Our warming world and El Nino
2015 was the warmest year on record, with global temperatures 0.75C above the long-term average, according to scientists at the UK's Met Office.
What does this mean for the UK?
December's devastating floods in northern England seem a world away from the Pacific Ocean but anyone embarking on a meteorological whodunit will inevitably have to stop off in the world's largest ocean and investigate further.
As well as being exceptionally wet, December 2015 was the UK's warmest December on record. Basic atmospheric physics tells us that warmer air can contain more water vapour and in December this translated into persistent rainfall that drenched the hills of northern England and caused the severe floods that swept downstream.
What's causing this?
Peter Stott, head of climate monitoring and attribution at the Met Office said "2015 was a record-breaking year for our climate. Global mean temperatures reached 1°C above pre-industrial levels for the first time and the year's average global temperature was the highest ever recorded."

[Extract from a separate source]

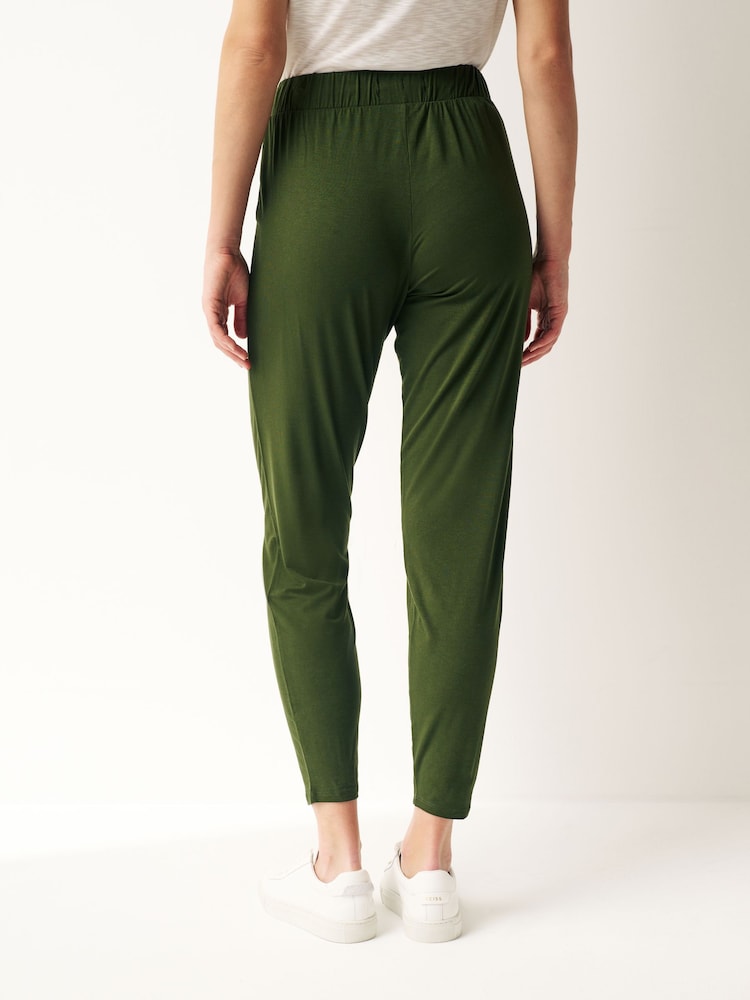 Dark Khaki Green Jersey Joggers - Image 3 of 7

In the search for the source of this warmth why are meteorologists pointing their fingers towards the Pacific? El Nino. It's the name given to a natural phenomenon, the occasional warming of waters in the central and eastern Pacific Ocean. In 2015 we witnessed this latest El Nino event becoming one of the strongest on record.

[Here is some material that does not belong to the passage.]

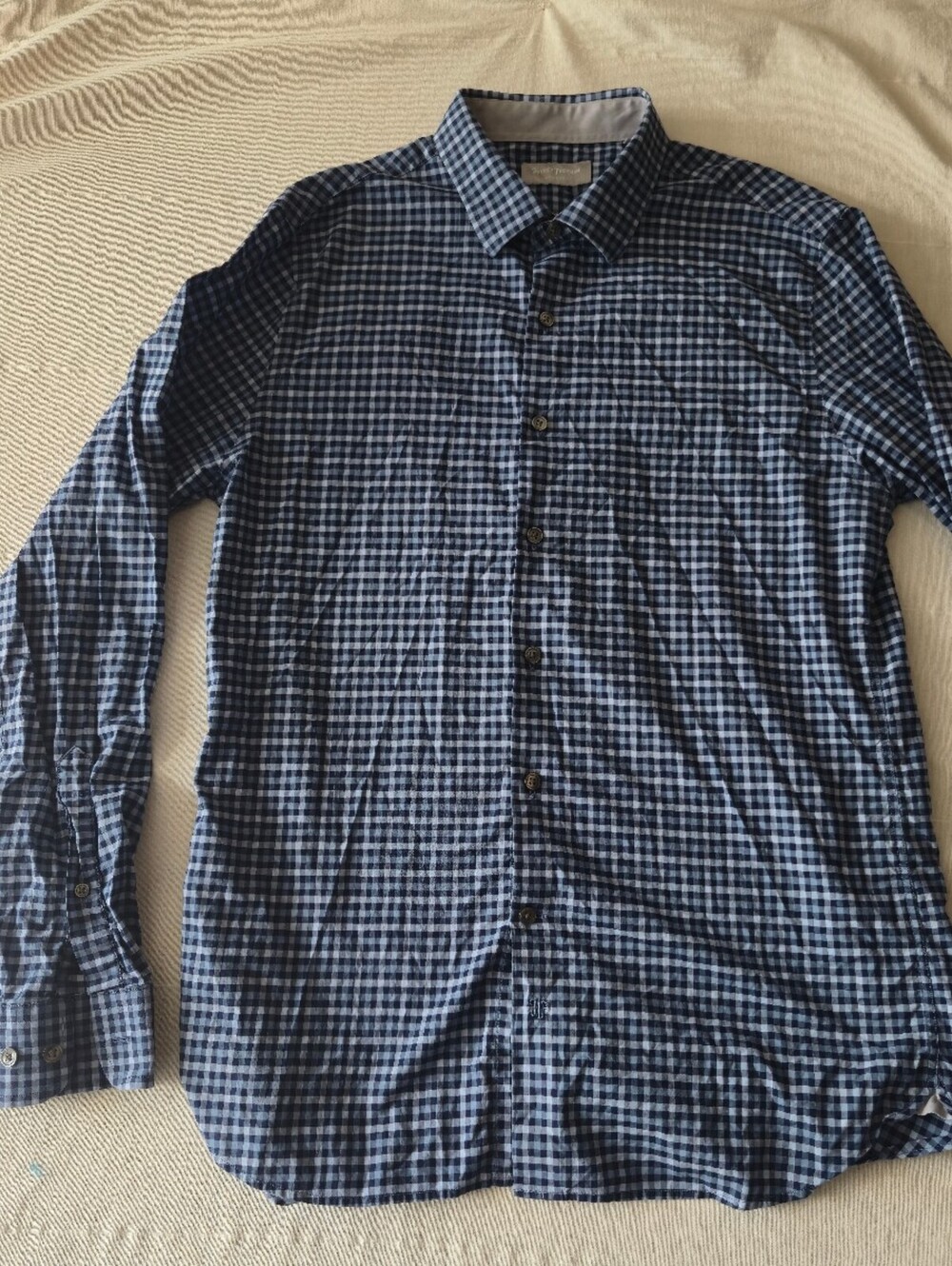 Hickey Freeman Men's Medium Blue Check Long Sleeve Dress Shirt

During El Nino a large expanse of Pacific water becomes warmer than average altering the usual heat exchange pattern with the air above it which goes on to influence weather patterns in a chain reaction around the world.

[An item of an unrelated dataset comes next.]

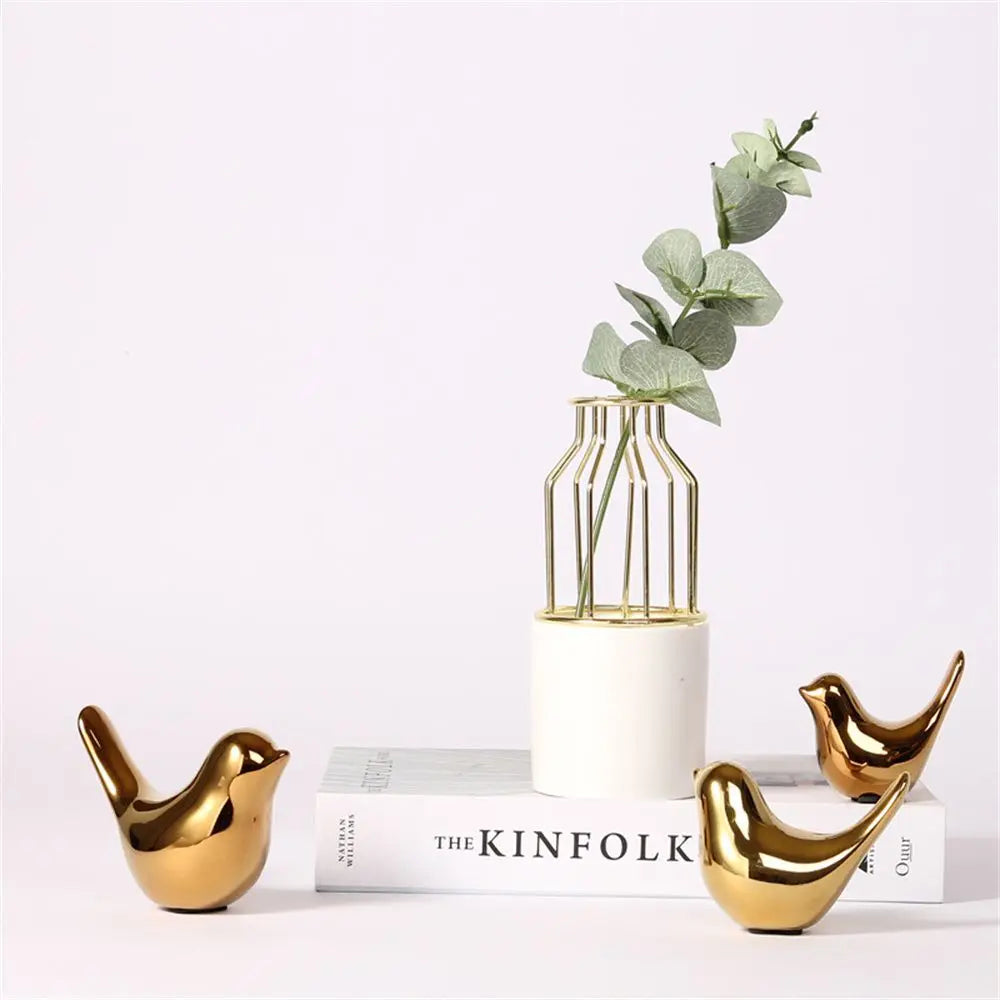 Nordic Gold Ceramic Bird Ornament | Modern Home Decor Figurine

Analysing the reasons for the December floods, the UK Met Office says El Nino contributed to a persistent weather pattern stretching from the Pacific across North America and the Atlantic that resulted in unusually warm, moist air reaching the UK.
More than one player
As eye-catching as the effects of El Nino have been in the UK and elsewhere, the warming of the Pacific only reached its peak in the second half of 2015 and scientists say attributing all or even the majority of the year's global temperature increase to it would be like giving star billing to an actor who only appears in one scene of a movie.
More likely is that natural weather cycles such as El Nino are becoming aligned with man-made heating to boost global temperatures to new heights.
Pushing up temperatures
The star of the heating show remains emissions from industry and agriculture adding to the greenhouse effect and trapping more of the sun's energy and heat within our atmosphere. The concentration of CO2 in the atmosphere is now higher than at any time in the last 800,000 years and reached a record high in May 2015.
El Nino's warming influence will be felt well into 2016 so the potential is very much there for this partnership with man-made heating to produce further global temperature headlines this time next year.